25 Daarna kwam hij in, en stond voor zijn heer. En Elisa zeide tot hem: Van waar, Gehazi? En hij zeide: Uw knecht is noch herwaarts noch derwaarts gegaan.
N’ayingira n’ayimirira mu maaso ga Erisa mukama we. Erisa n’amubuuza nti, “Ova wa Gekazi?” Gekazi n’addamu nti, “Omuddu wo taliiko gy’agenze.”
26 Maar hij zeide tot hem: Ging niet mijn hart mede, als die man zich omkeerde van op zijn wagen u tegemoet? Was het tijd, om dat zilver te nemen, en om klederen te nemen, en olijfbomen, en wijngaarden, en schapen, en runderen, en knechten, en dienstmaagden?

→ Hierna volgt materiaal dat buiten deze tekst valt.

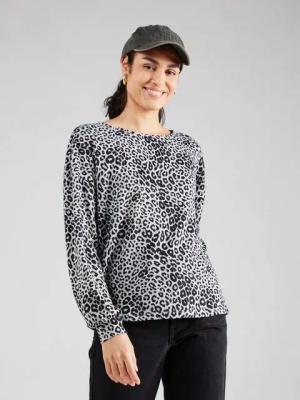 ONLY Langarmshirt ONLMARIA (1-tlg) Drapiert/gerafft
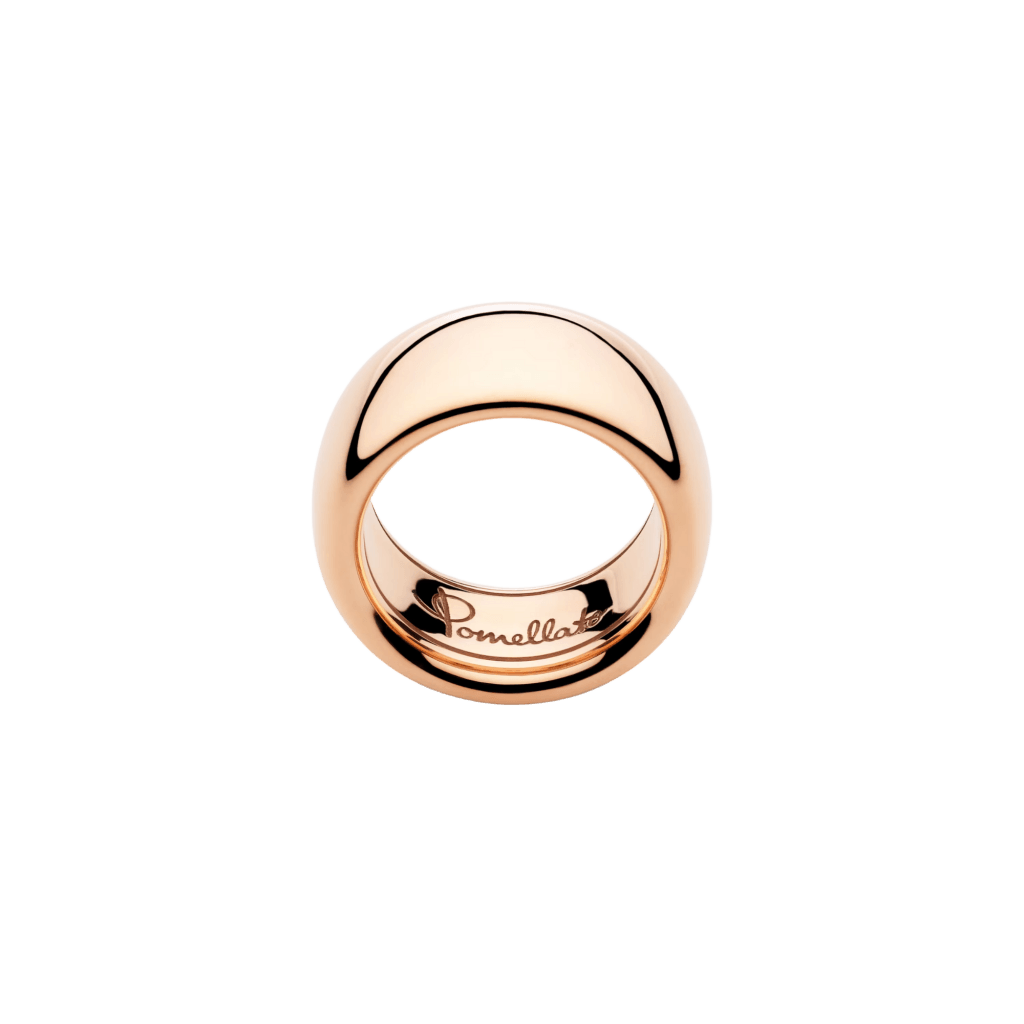 Pomellato Iconica ring roodgoud - PAC4002 O7000 00000 - #4 Pomellato Iconica ring roodgoud - PAC4002 O7000 00000 - #4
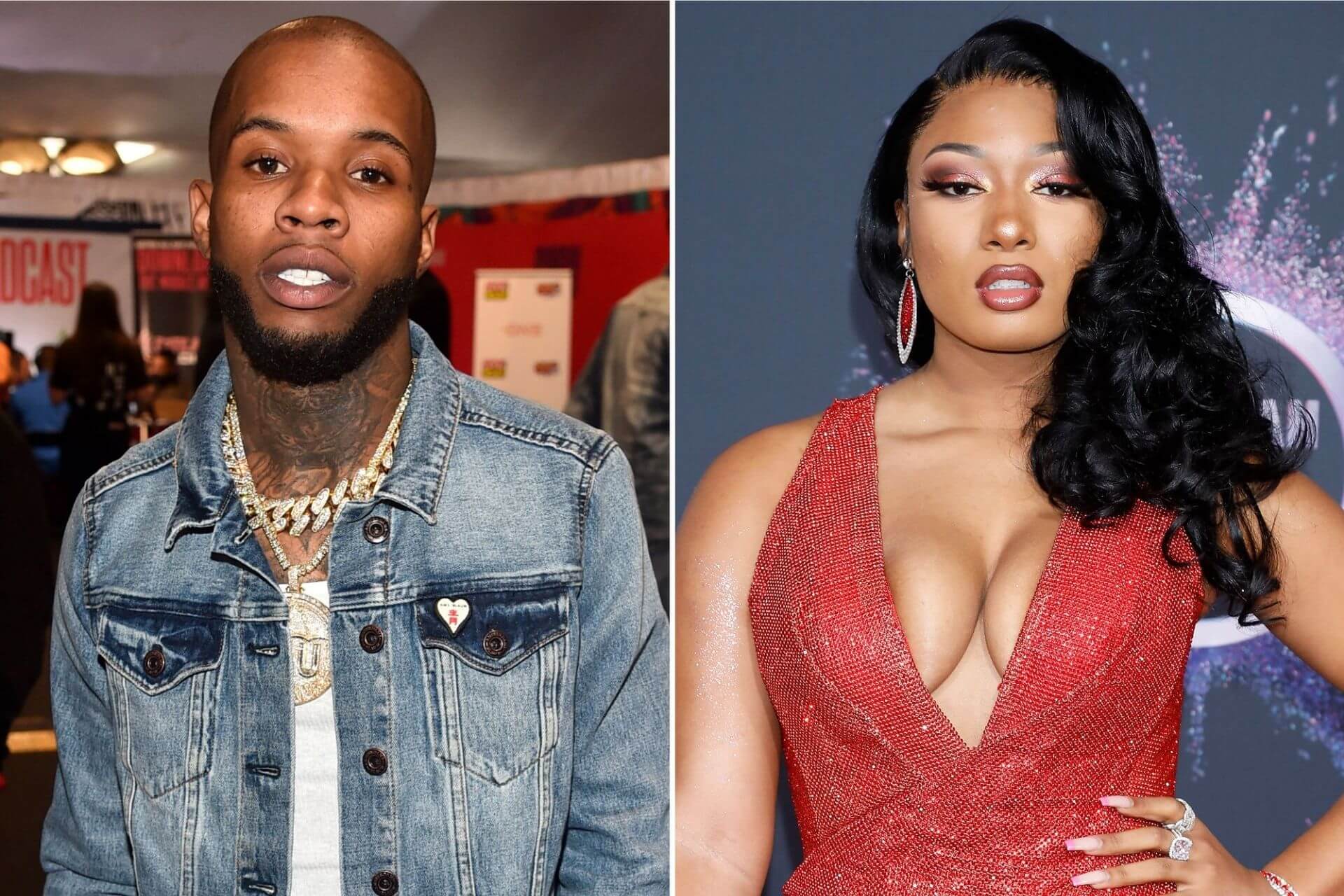 Tory Lanez reportedly texted an apology to Megan Thee Stallion after shooting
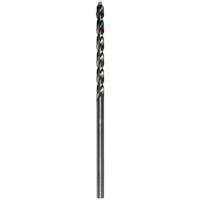 Foret Metal Demon pour aciers doux, tremp&eacute;s et inoxydables, 5/64", Cannelure 9/10", Pointe de 130° Brunswick Fyr & Safety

Naye Erisa n’amugamba nti, “Ssaagenze naawe mu mwoyo, omusajja bwe yavudde mu ggaali lye okukusisinkana? Kino ky’ekiseera eky’okutwala ensimbi, oba engoye, oba ennimiro ez’emizeeyituuni, oba ez’emizabbibu, oba endiga, oba ente, oba abaddu, oba abaweereza abawala?
27 Daarom zal u de melaatsheid van Naaman aankleven, en uw zaad in eeuwigheid! Toen ging hij uit van voor zijn aangezicht, melaats, wit als de sneeuw.
Noolwekyo ebigenge bya Naamani binaakuberangako gwe ne bazzukulu bo emirembe gyonna.” Awo Gekazi n’ava mu maaso ga Erisa nga mugenge, atukula ng’omuzira.